The tokenization framework addresses how regulated institutions might issue, trade, and settle tokenized versions of traditional financial instruments within the existing regulatory perimeter. Industry participants have noted that the BoE’s willingness to explicitly reference digital asset settlement as a benchmark for its own infrastructure modernization represents a meaningful departure from previous regulatory postures.
The UK is not acting in isolation. The European Central Bank has been running its own digital settlement experiments, and the Bank for International Settlements has published extensive research on tokenized wholesale markets. However, the BoE’s approach is notable for its directness in linking traditional payment system reform to the capabilities demonstrated by blockchain-based settlement. The consultation acknowledges that when RTGS and CHAPS go offline, institutions are forced to hold precautionary liquidity buffers to cover settlement gaps, a cost that continuously available systems could reduce.
Market participants have pointed out that extending settlement hours could reduce counterparty risk, lower collateral requirements, and improve capital efficiency across the UK financial system.
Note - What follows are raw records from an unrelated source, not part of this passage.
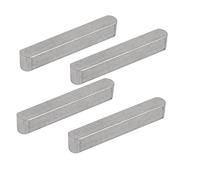 sourcing map 40mmx6mmx6mm Llave De La Llave De 304 Acero Inoxidable Redondo Terminó 4Pcs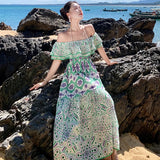 Zingj Bilateral Flounces One Word Collar Embroidery Hollow Long Dress Female Sense Shoulder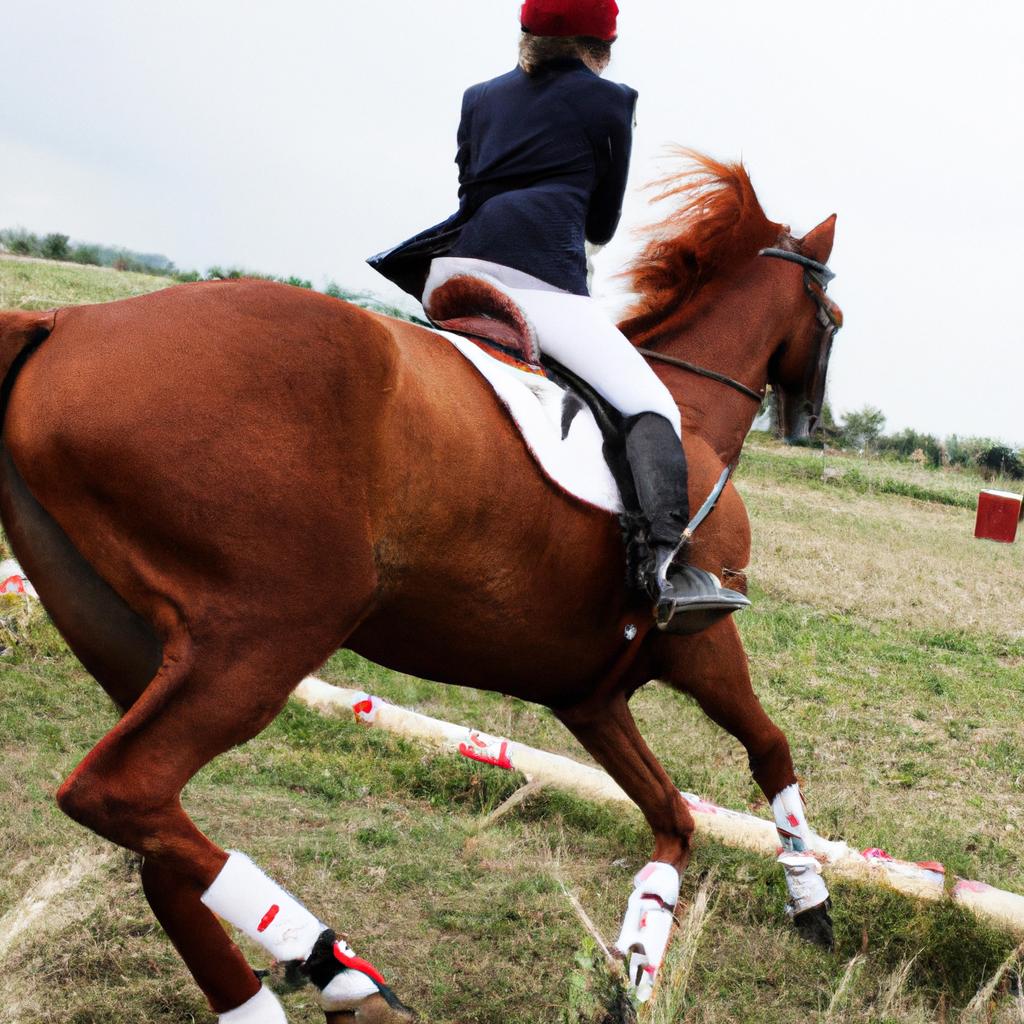 Person riding horse in competition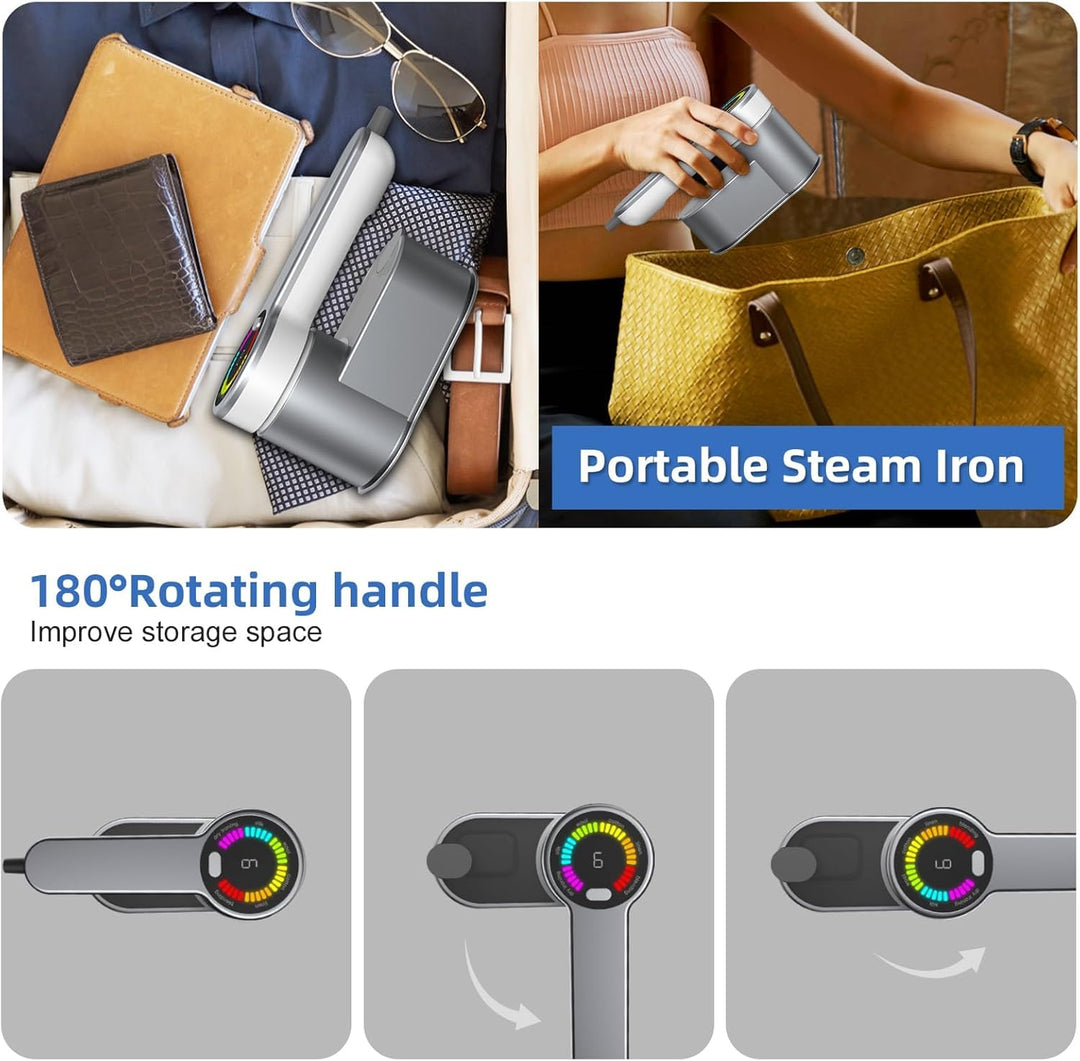 Portable travel steam iron 1200W with 6 modes and AU plug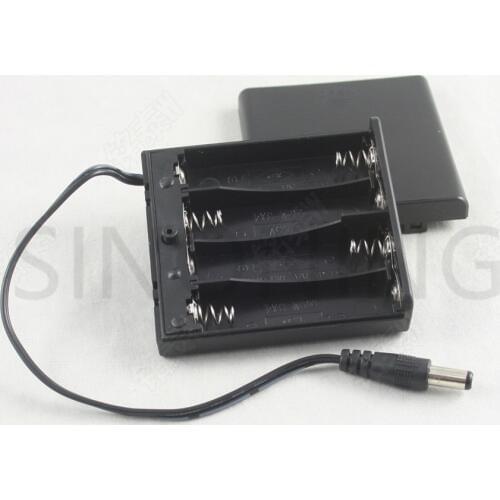 Arduino 6v AA battery holder box with cover switch DC head 2.1 * 5.5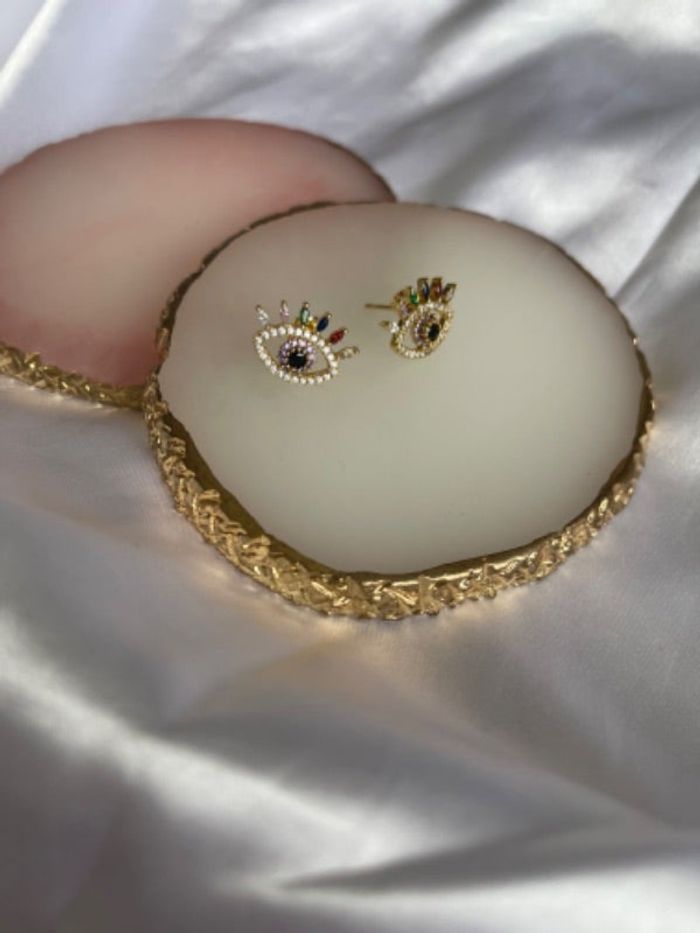 Boucle d’oreille oeil coloré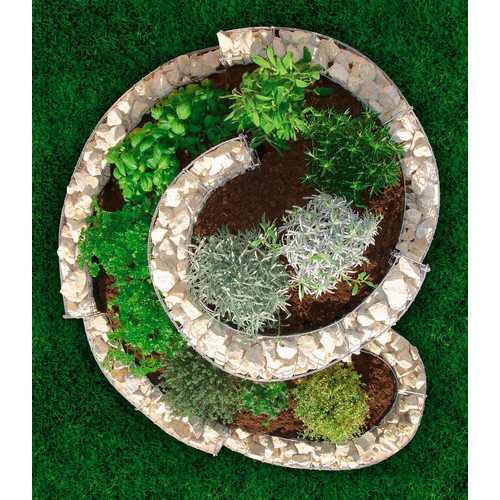 Bellissa Gabionen-Kräuterspirale aus Stahl in Silberfarben, B/T/H: 90 x 60 x 110 cm - Bild 3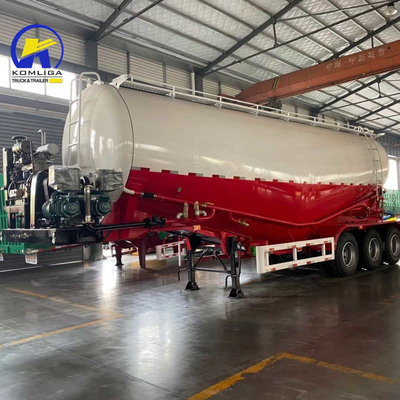 3/4 essieux poudre sèche en vrac ciment matériau citerne semi-camion remorque avec moteur diesel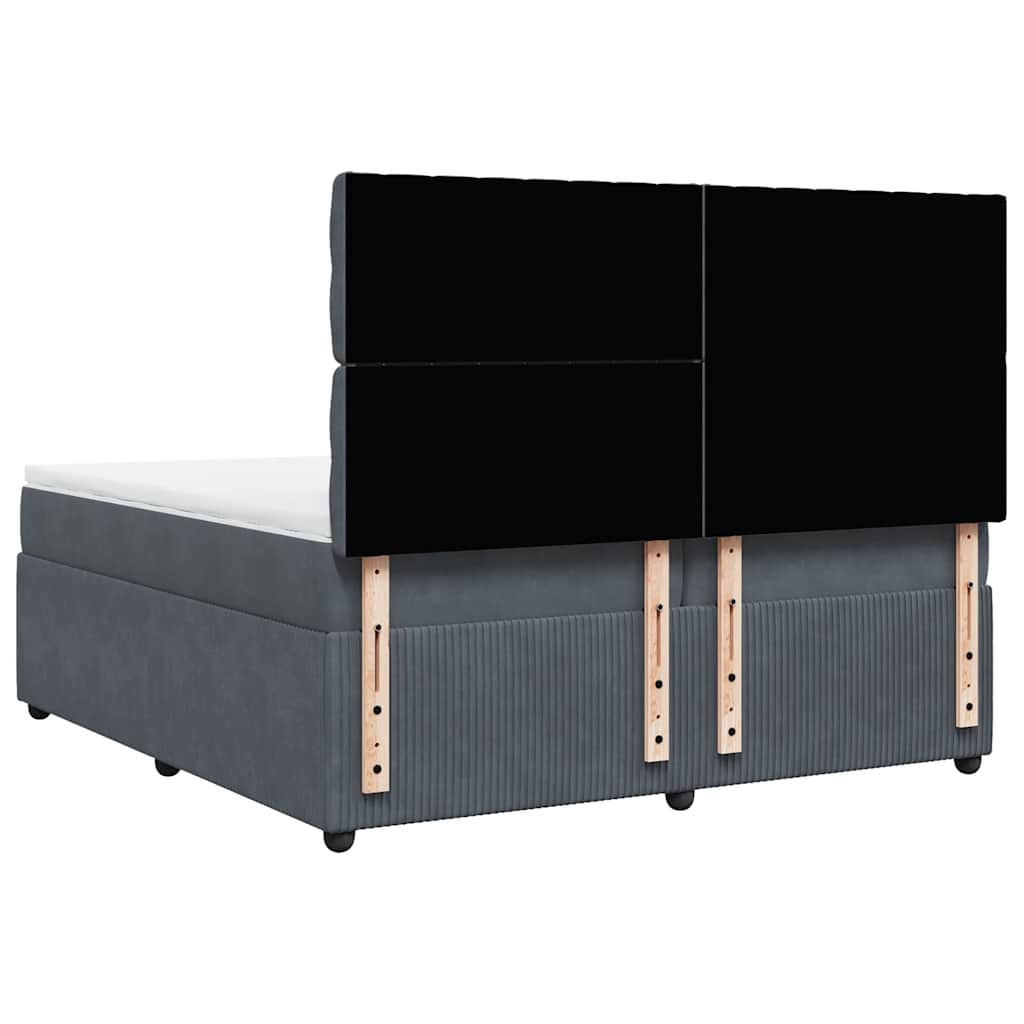 Κρεβάτι Boxspring με Στρώμα Σκούρο Γκρι 200x200 εκ. Βελούδινο - Pakobazaar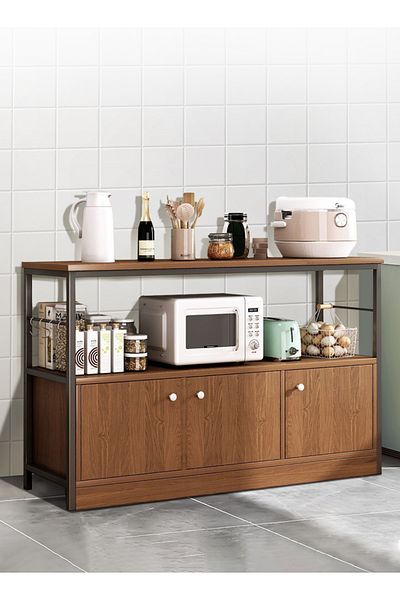 EqiEch 2 Tier Cabinet with Shelves, Drawer and Hooks - Sideboard,120*30*78cm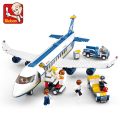 SLUBAN City Aviation Airport Airplane Passenger Plane Bus Classic MOC Figures Model Building Blocks Bricks Kit Set Toys For Kids. 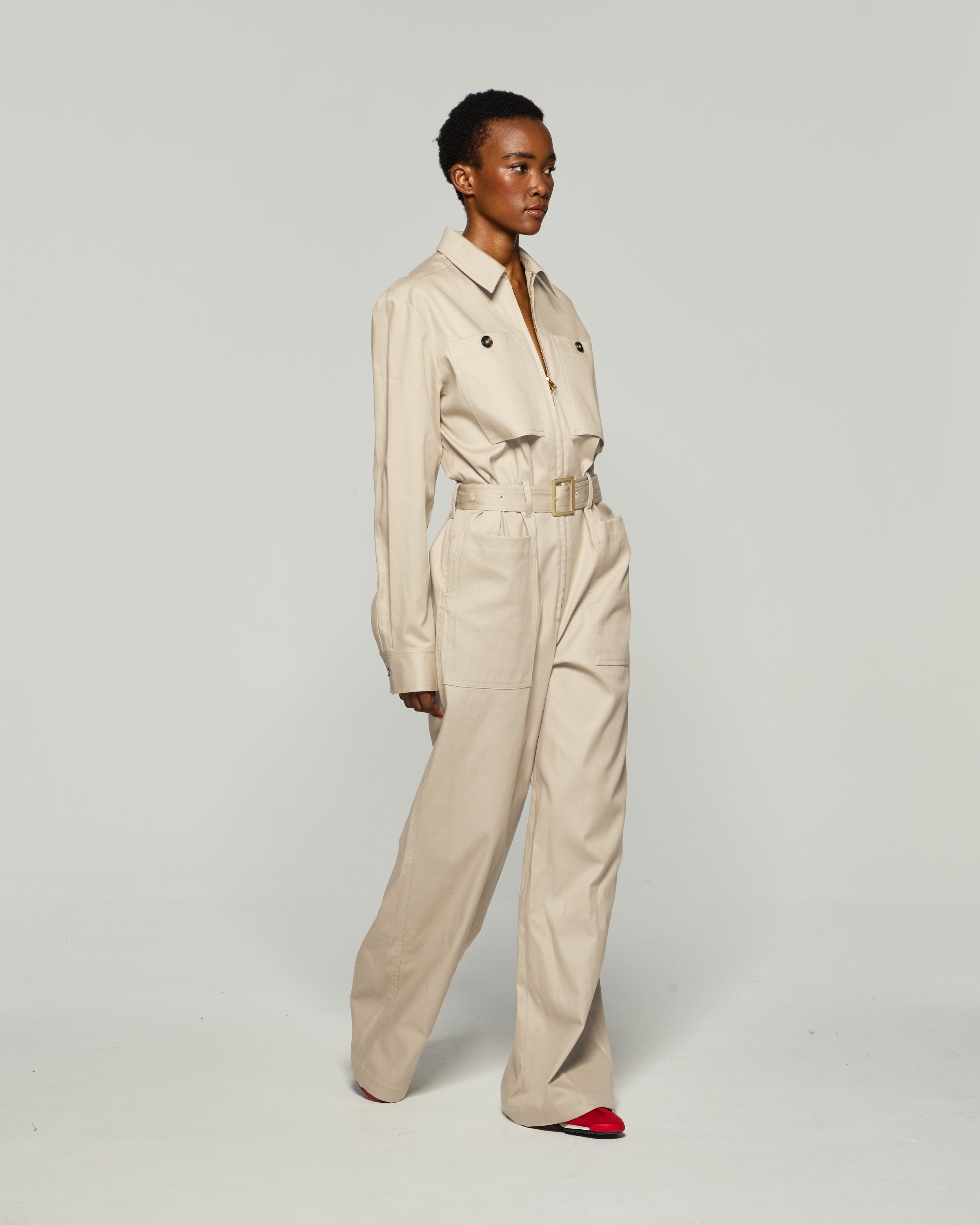 Cargo Jumpsuit - Ecru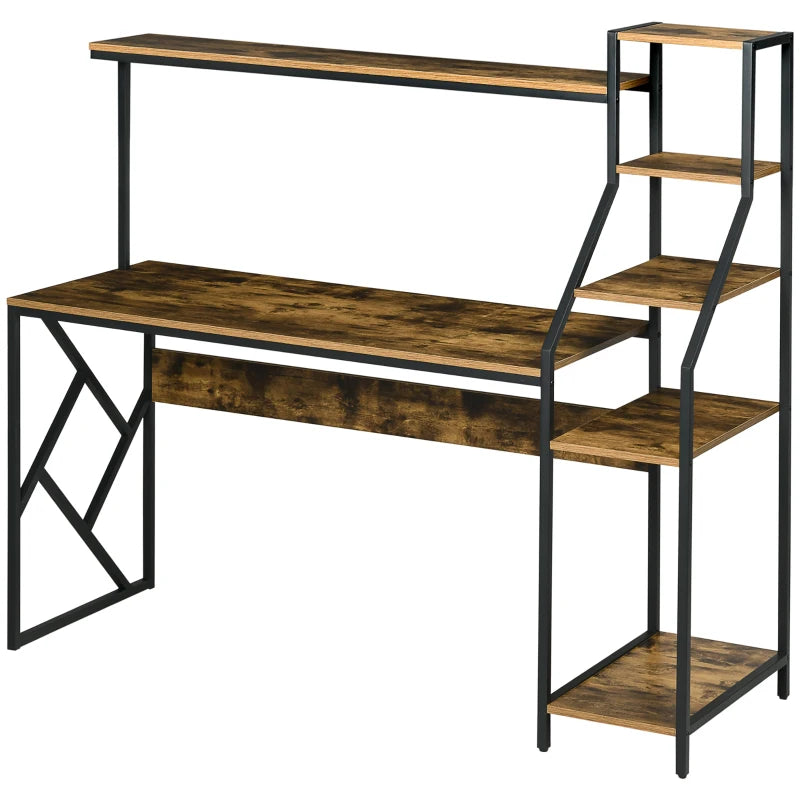 Industrial Computer Desk with Bookshelf - 6-Tier Storage Shelves for Home Office, Bedroom & Study - Rustic Brown, 150x55x138cm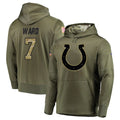 Johmsee IN.Colts #7 Charvarius Ward Sr. Player Olive Salute to Service Pullover Hoodies Home Game Stitched Jerseys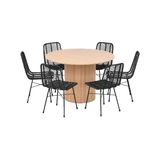 Verso pyöreä ruokapöytä+6kpl Cairo mustia tuoleja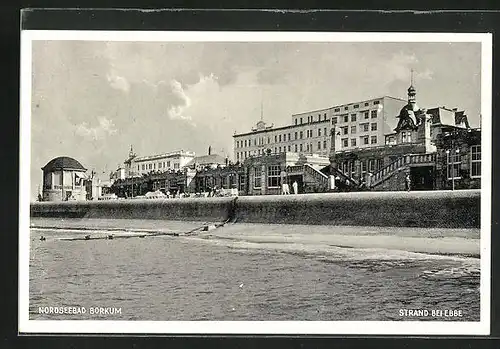 AK Borkum / Nordsee, Strand bei Ebbe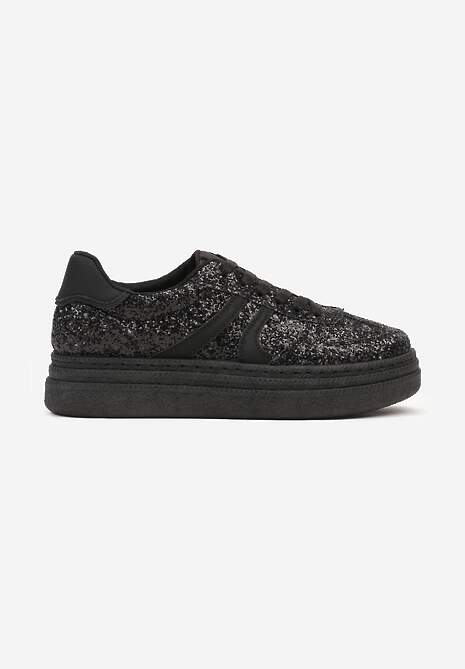 Czarne Brokatowe Sneakersy na Niskiej Platformie Nevilinna 4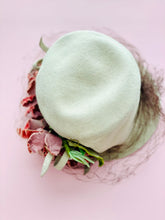 Load image into Gallery viewer, Vintage 1930s millinery hat pink with veil and velvet flowers
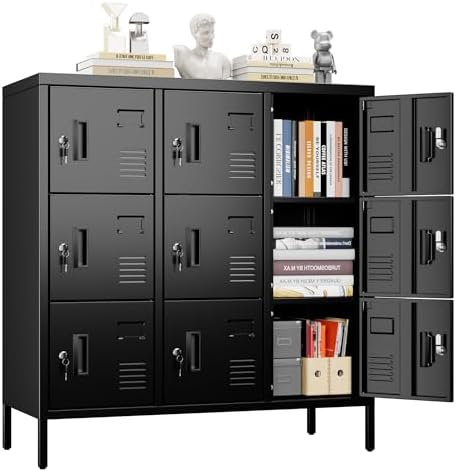 SUPEER 9-Door Metal Locker for Employees with Keyed Compartments by SUPEER
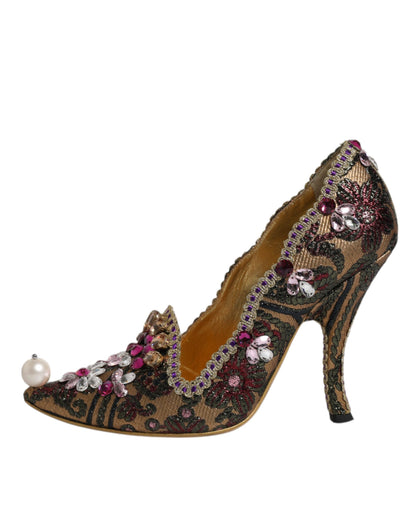 Dolce & Gabbana Multicolor Embellished Jacquard Pumps Shoes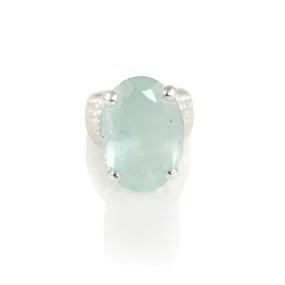 Ring - Prong Aquamarine Oval Cut Sterling Silver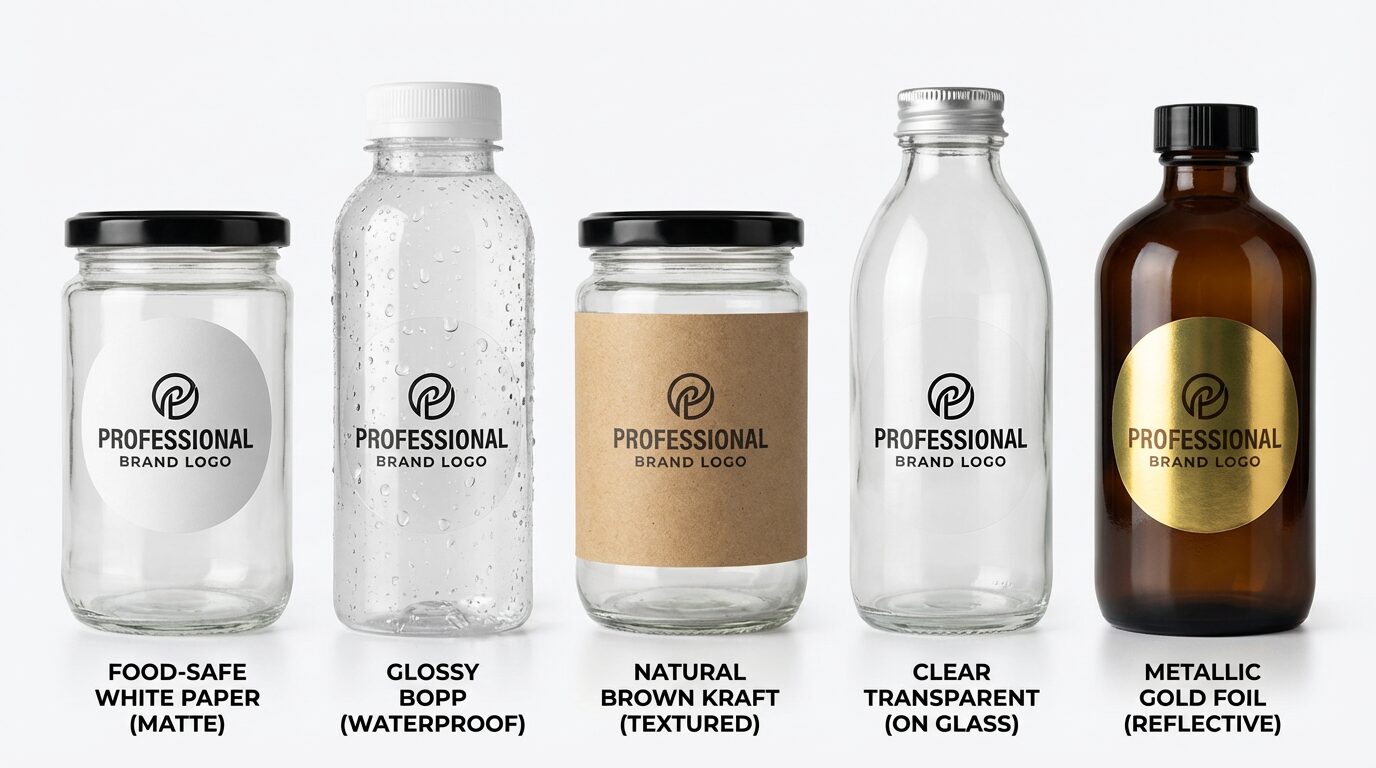 Custom label materials UK comparison — food-safe paper, BOPP waterproof, kraft, clear, metallic foil - Wabs Print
The consultation period is expected to run through the third quarter of 2026, with implementation timelines to be determined based on industry feedback and technical readiness assessments.
Critics have cautioned that extending settlement hours introduces operational complexity, including the need for 24/7 staffing, monitoring, and incident response capabilities that many financial institutions may not currently possess. The cost of maintaining round-the-clock operations could disproportionately affect smaller banks and payment service providers. There are also questions about whether the tokenization framework will be broad enough to accommodate the full range of digital asset innovations or narrow enough to create meaningful regulatory clarity.
Additionally, the consultation is at an early stage, and the gap between a consultation paper and operational implementation in critical financial infrastructure is typically measured in years rather than months. Whether the BoE’s timeline aligns with the pace of innovation in digital asset markets remains an open question.